Default: patternIDs.csv

Pattern file format

The pattern file is a plain text file with one or two non-empty lines:

  • Line 1: A Python-style list of lists describing patterns, e.g.:

    [["O_CC", "C_CO", "C_CO"], ["C_CC", "C_CC"]]
    
  • Line 2 (optional): A start atom element symbol used to anchor the backbone search.

The pattern file must provide the patterns of the constituent monomer units.
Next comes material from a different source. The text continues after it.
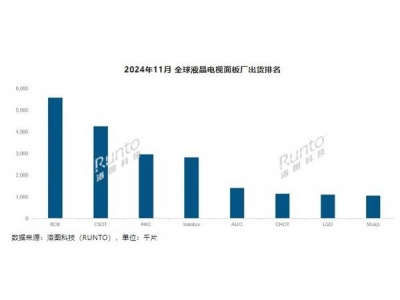 全球大尺寸液晶电视面板出货大增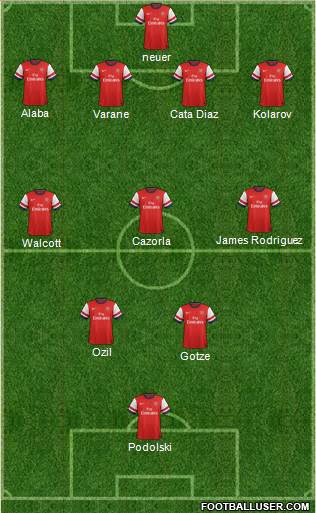 Arsenal Formation 2013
Element-type strings are describing each atom in the repeating unit by its element and the elements of its covalently bonded neighbors, in alphabetic order (excluding terminal atoms).
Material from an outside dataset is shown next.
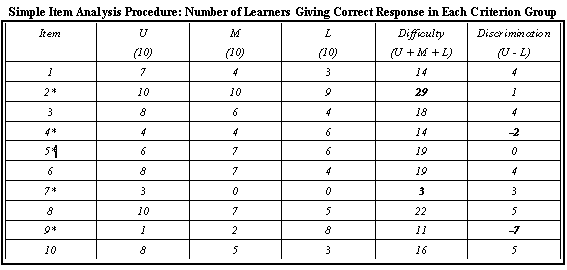 Item Analysis Table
Example pattern file content:

Polymers and possible monomer patterns.

Structure

Possible monomer pattern

Polyethylene

["C_CC", "C_CC"]

Polystyrene

["C_CC", "C_CCC", "C_CCC", "C_CC", "C_CC", "C_CC", "C_CC", "C_CC"]

Polyethylene glycol

["O_CC", "C_CO", "C_CO"]

Polypropylene

["C_CC", "C_CCC", "C_C"]

Polyacrylic acid

["C_CC", "C_CCC", "C_CO", "O_C"]

Nylon 66

["C_CN", "C_CC", "C_CC", "C_CC", "C_CC", "C_CN", "N_CC", "C_CN", "C_CC", "C_CC", "C_CC", "C_CC", "C_CN", "N_CC"]

Nylon 6

["C_CO", "C_CC", "C_CC", "C_CC", "C_CC", "C_CO", "O_CC"]

Nylon 46

["C_CN", "C_CC", "C_CC", "C_CC", "C_CC", "C_CN", "N_CC", "C_CN", "C_CC", "C_CC", "C_CN", "N_CC"]

Nylon 11

["N_CC", "C_CN", "C_CC", "C_CC", "C_CC", "C_CC", "C_CC", "C_CC", "C_CC", "C_CC", "C_CC", "C_CN"]

Nylon 12

["N_CC", "C_CN", "C_CC", "C_CC", "C_CC", "C_CC", "C_CC", "C_CC", "C_CC", "C_CC", "C_CC", "C_CC", "C_CN"]

Example

MakroLyzer -xyz polymer.xyz -p patterns.txt -pID-file patternIDs.csv

Output

The output is an XYZ-style file with a fragment ID per atom:

  • Header: element x y z FragmentID

  • Atoms not matched to any pattern are assigned FragmentID = -1.